My Uncle Howard was the youngest of my father's four siblings, and he fought in the Vietnam War. From time to time, my mother would put together care packages and we would send them to him, which always seemed to me a very exotic thing to do. We would fill them with things like crackers and sardines and homemade cookies and ship them off. One time, Uncle Howard visited us when we were living in Utah. It was decided somehow that we should have a pig party. The next thing I knew, there he was pulling a whole slaughtered pig out of my mom's Volkswagen Bug. Much of the rest is kind of a blur, except I remember these things:

We roasted that pig in a big pit.
A lot of people came over to eat that roast pig.
The meat was, alas, dry and bland.
Soon thereafter our neighbors built a fence.

My Uncle Howard used to bring us lots of stuff from his R&Rs. He brought us stuffed koalas and platypuses covered in real fur. (I think it was rabbit.

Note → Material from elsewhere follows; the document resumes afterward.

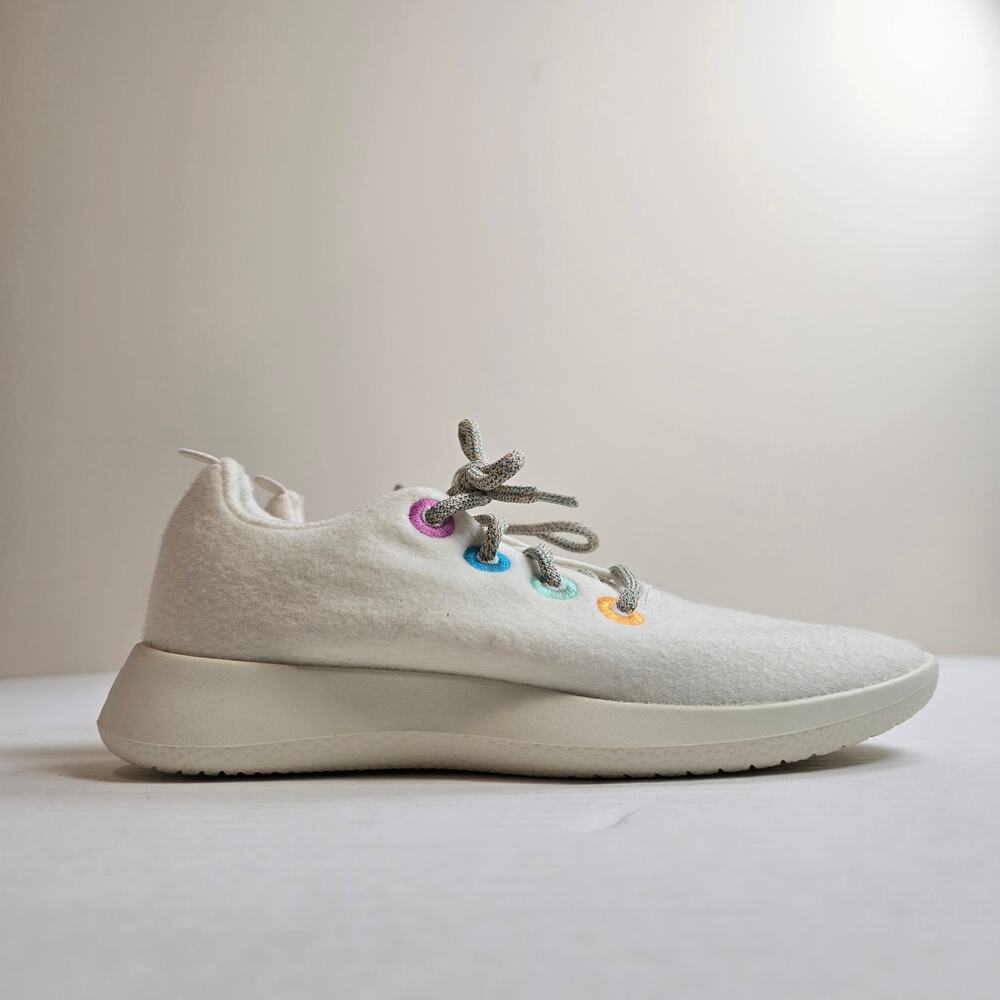 Allbirds Smallbirds Merino Wool Runner Sneakers Size 3 Natural White Wool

Don't go all PC on me it was a long time ago). He also brought my parents the coolest set of flatware ever. He got it in Thailand, and it looks like this.

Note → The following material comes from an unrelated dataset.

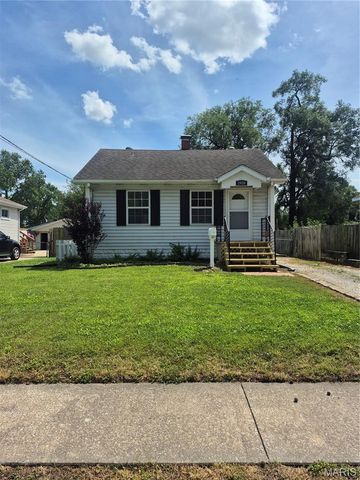 2920 Pershing Boulevard, Granite City, IL 62040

It's made of brass and wood, and it comes in a great big wooden box. The set includes fantastic pieces, including extra-long spoons and serving pieces with long necks that twist around like rotini.
My mother has since handed the set down to me, and I love that it didn't just come from Macy's. It came from my Uncle Howard, who, tragically, like many of my tribe,
had a drinking problem and was, ultimately, a tragic figure who died fairly young, ambushed, at least in my mind, by memories of loss and violence and an uncooperative liver.


Watson said...

I think learning to roast a pig requires a trip to Hawaii. How is that for an excuse to travel! Been to Sienna and had the best Chianti in the whole world.... and you took cooking classes there? Awesome! You never cease to amaze me Margaret!

Ms M said...

Wonderful story!

They also know how to roast a whole pig in the Midwest. When my brother was married (in the 1980s), they slow-roasted a whole pig for the reception. The meat was tender and delicious.

But traveling to Hawaii would be a lot more exciting than going to the Midwest....

Petrea Burchard said...

A sweet, sad story about your Uncle Howard. And a pig, and flatware, but mostly Uncle Howard.

Olga Hebert said...

My food story is an old post:

My brother has had pig roast, but I think he has someone come in to do it.

Your flatware is most interesting, a nice reminder of your Uncle Howard.

Bellis said...

Love the bit about the fence! Maybe that pig was the last straw? I think that Thai flatware is beautiful. They used to sell it in Feast on Lake, at a very high price. I miss Feast. And feasts.